Start of GIVEN MATERIAL

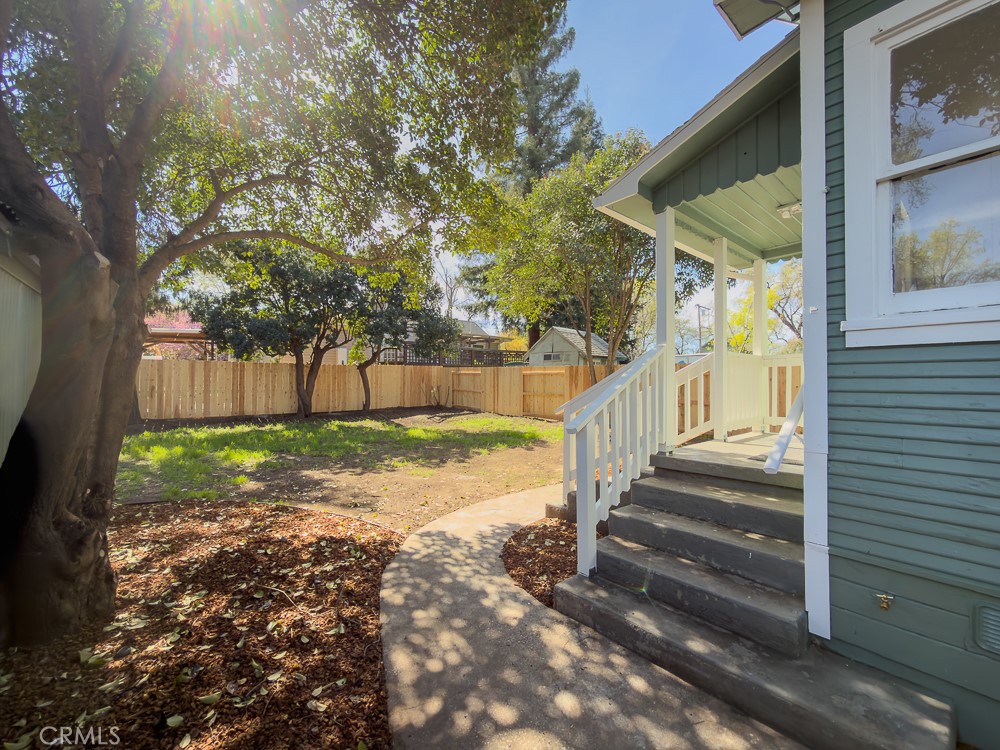 243 West 3rd Avenue Chico, CA 95926 - Photo 37 of 41 a view of a yard with wooden fence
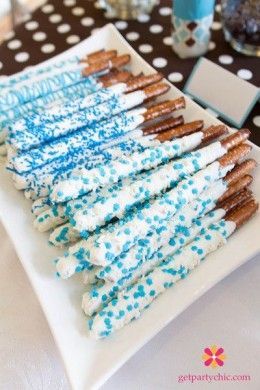 Chocolate Dipped Pretzels  Dip pretzels in white chocolate and blue sprinkles. Als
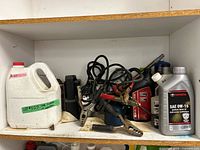 Shelf with white jug, tangled jumper cables, Toyota 0W-16 oil bottle, other fluid containers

End of GIVEN MATERIAL

Every line of the data above is to be repeated exactly; the images are to be left out.

■ **RESULT FOR THIS EXERCISE**
 243 West 3rd Avenue Chico, CA 95926 - Photo 37 of 41 a view of a yard with wooden fence
 Chocolate Dipped Pretzels  Dip pretzels in white chocolate and blue sprinkles. Als
 Shelf with white jug, tangled jumper cables, Toyota 0W-16 oil bottle, other fluid containers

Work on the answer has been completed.